TASK INSTRUCTIONS:
What is needed is an exact repetition of the lines from the first one in the data through the line with "iPhone X / iPhone", with no pictures.

-*-*-

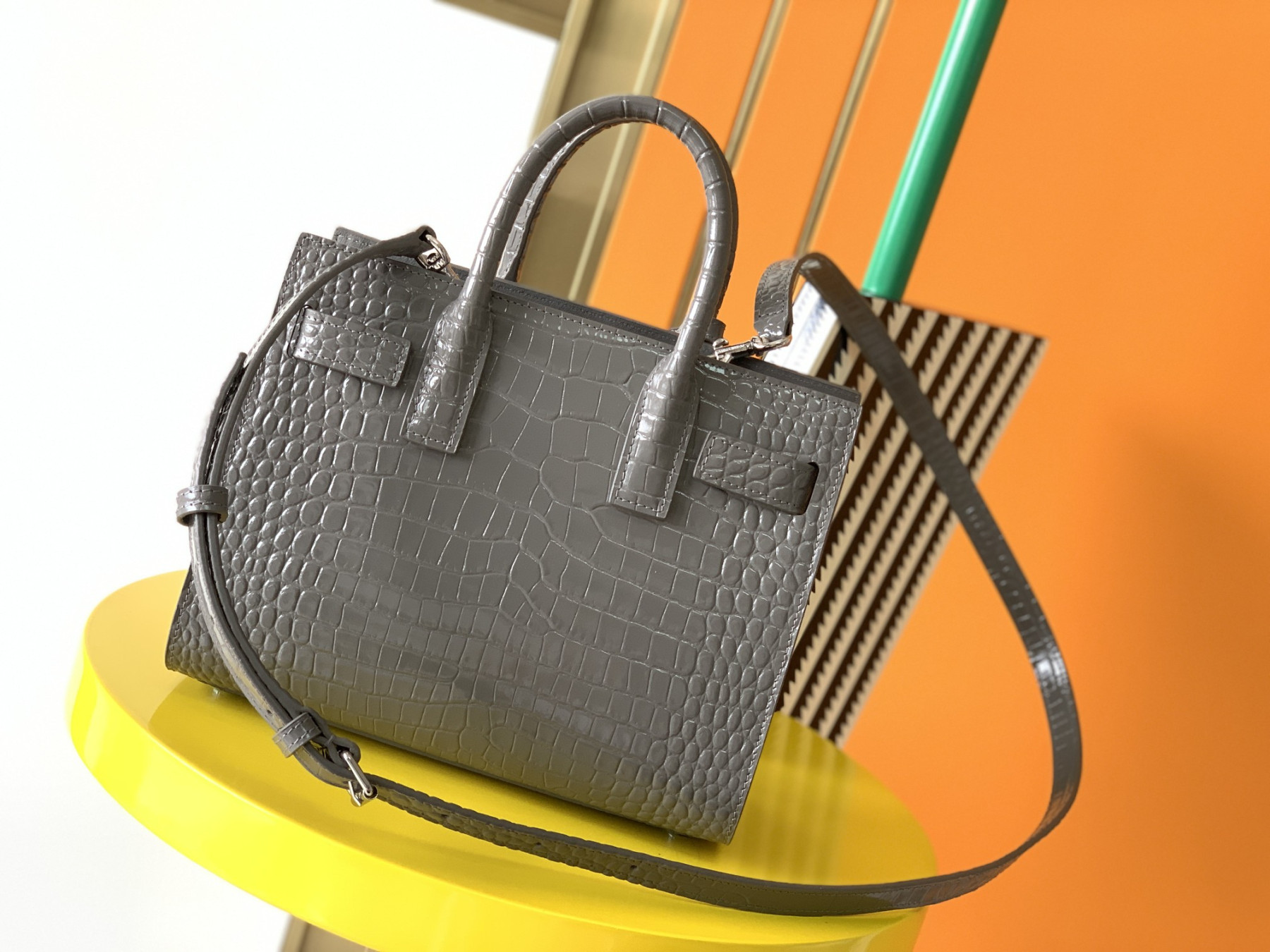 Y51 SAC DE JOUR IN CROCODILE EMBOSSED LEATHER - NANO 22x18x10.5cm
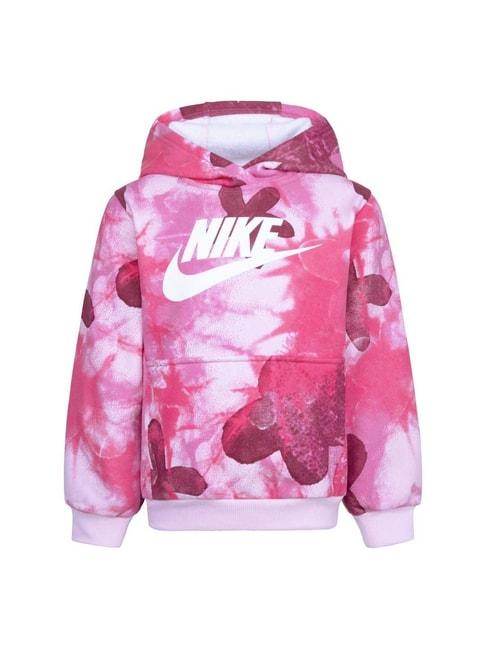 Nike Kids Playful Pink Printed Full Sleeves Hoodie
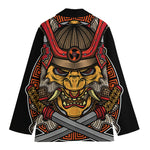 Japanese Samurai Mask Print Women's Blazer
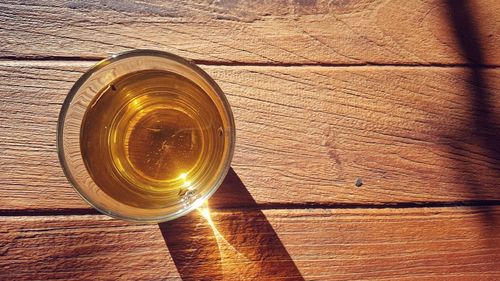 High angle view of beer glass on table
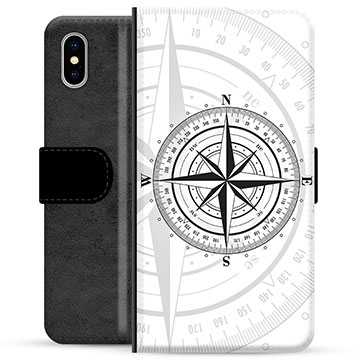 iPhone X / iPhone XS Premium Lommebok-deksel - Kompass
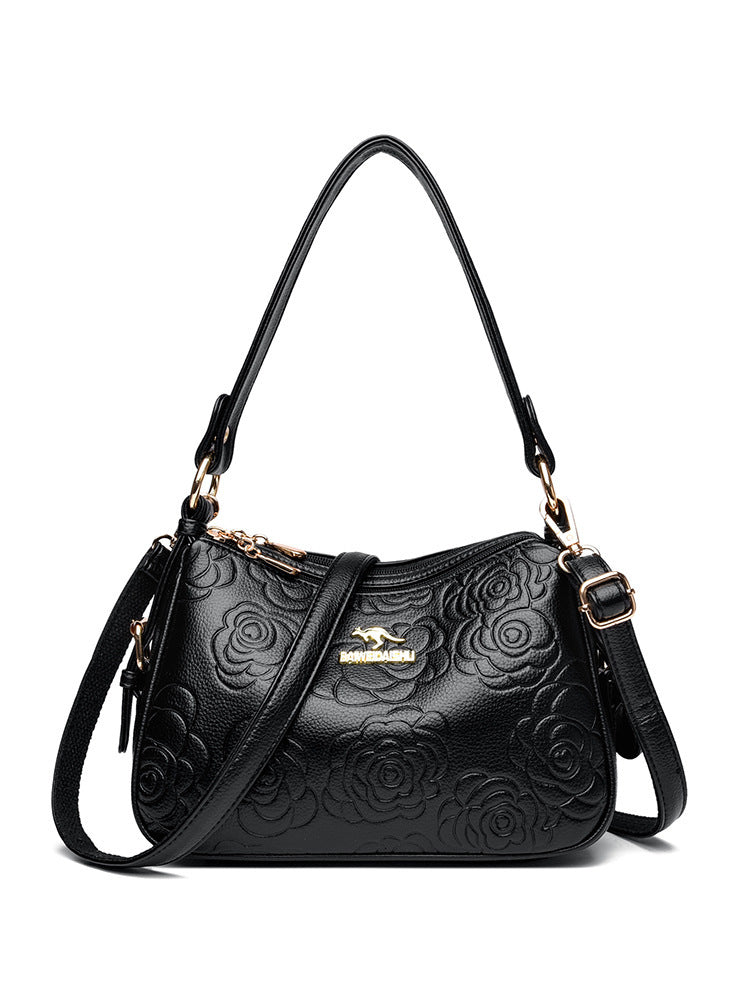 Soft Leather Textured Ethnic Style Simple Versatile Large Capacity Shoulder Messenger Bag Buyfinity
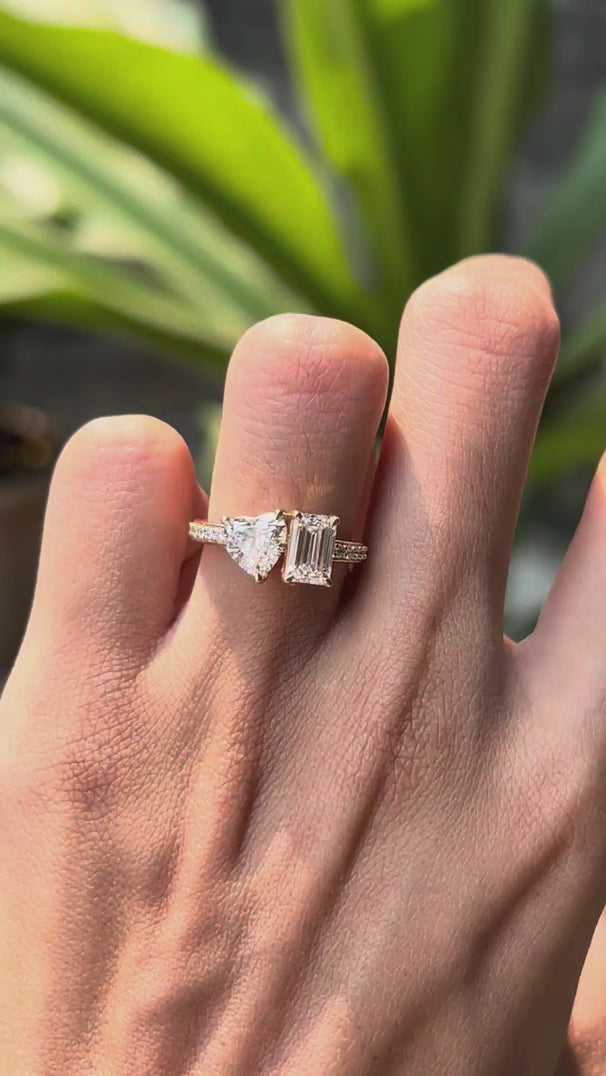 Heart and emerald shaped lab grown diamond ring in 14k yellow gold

-*-*-

SOLUTION TO THIS PROBLEM:
 Y51 SAC DE JOUR IN CROCODILE EMBOSSED LEATHER - NANO 22x18x10.5cm
 Nike Kids Playful Pink Printed Full Sleeves Hoodie
 Japanese Samurai Mask Print Women's Blazer
 High angle view of beer glass on table
 iPhone X / iPhone XS Premium Lommebok-deksel - Kompass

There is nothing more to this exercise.